* **PROBLEM DETAILS**: Given the entries below, would you transcribe exactly the lines starting at the one with "Next up is the" and ending at the one with "Create a lavish", both kept, pictures omitted, nothing extra?

* **RECORDS FOR PROCESSING**:
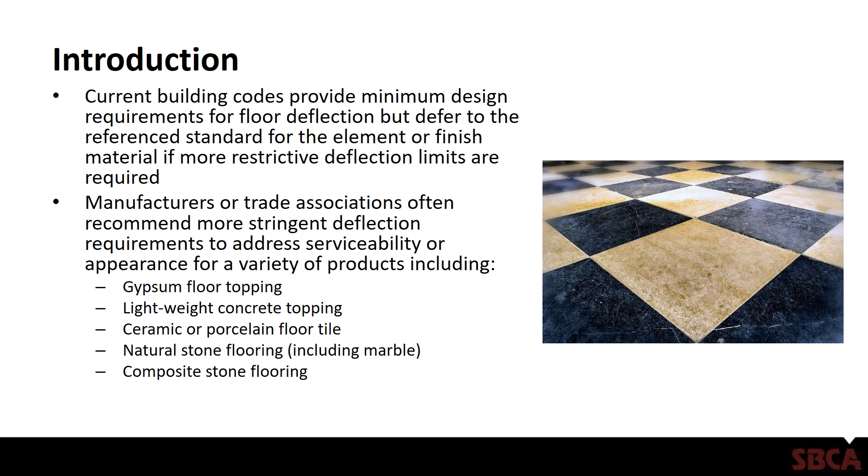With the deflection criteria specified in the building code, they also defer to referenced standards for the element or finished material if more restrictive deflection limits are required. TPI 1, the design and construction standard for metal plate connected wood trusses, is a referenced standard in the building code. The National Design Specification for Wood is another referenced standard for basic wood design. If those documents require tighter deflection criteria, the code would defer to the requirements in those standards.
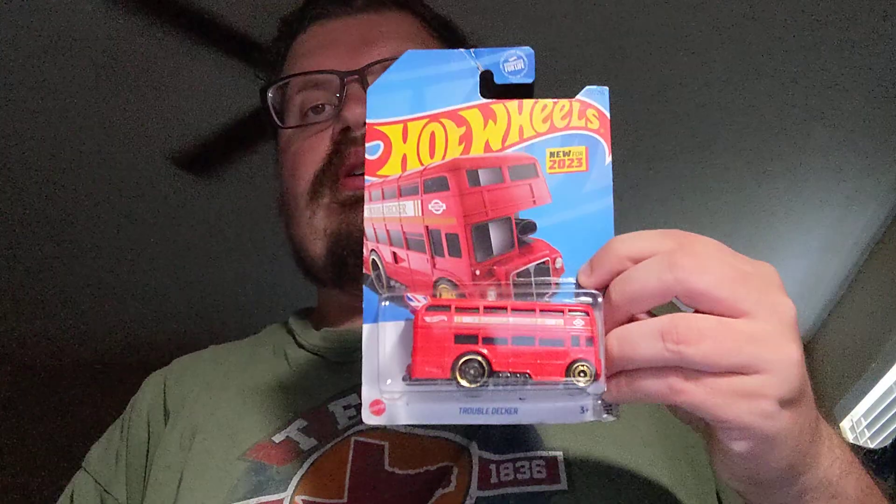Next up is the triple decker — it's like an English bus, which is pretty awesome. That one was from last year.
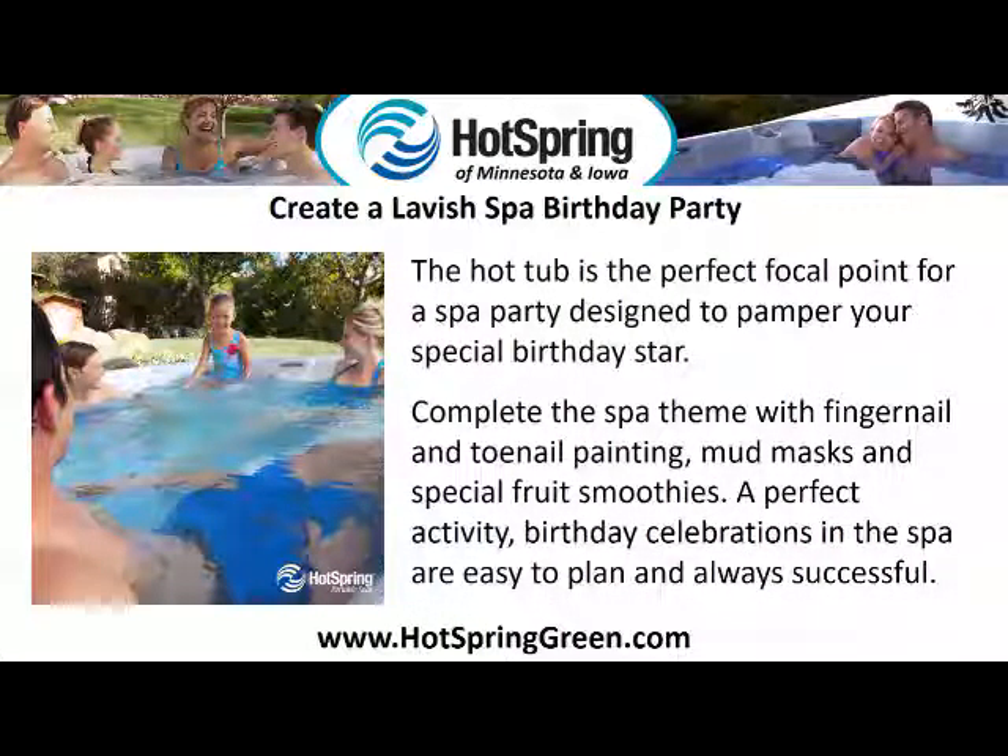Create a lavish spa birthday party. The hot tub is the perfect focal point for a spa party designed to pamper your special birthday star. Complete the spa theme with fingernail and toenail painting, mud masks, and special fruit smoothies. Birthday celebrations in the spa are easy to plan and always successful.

...

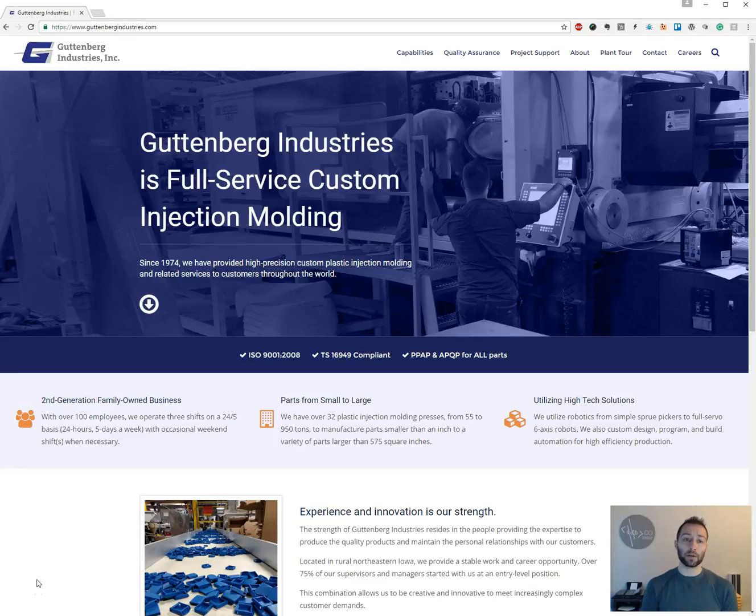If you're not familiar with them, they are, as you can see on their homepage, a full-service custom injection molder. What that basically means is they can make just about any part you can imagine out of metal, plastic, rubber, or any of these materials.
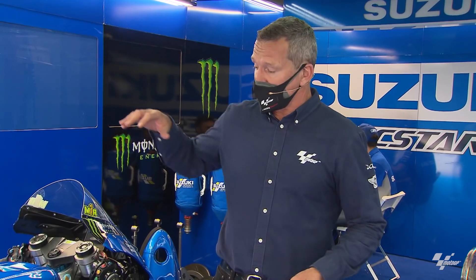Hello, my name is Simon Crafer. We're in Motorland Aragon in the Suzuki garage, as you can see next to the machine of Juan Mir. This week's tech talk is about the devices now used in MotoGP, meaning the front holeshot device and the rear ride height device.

* **ANSWER SECTION**:
Next up is the triple decker — it's like an English bus, which is pretty awesome. That one was from last year.
Create a lavish spa birthday party. The hot tub is the perfect focal point for a spa party designed to pamper your special birthday star. Complete the spa theme with fingernail and toenail painting, mud masks, and special fruit smoothies. Birthday celebrations in the spa are easy to plan and always successful.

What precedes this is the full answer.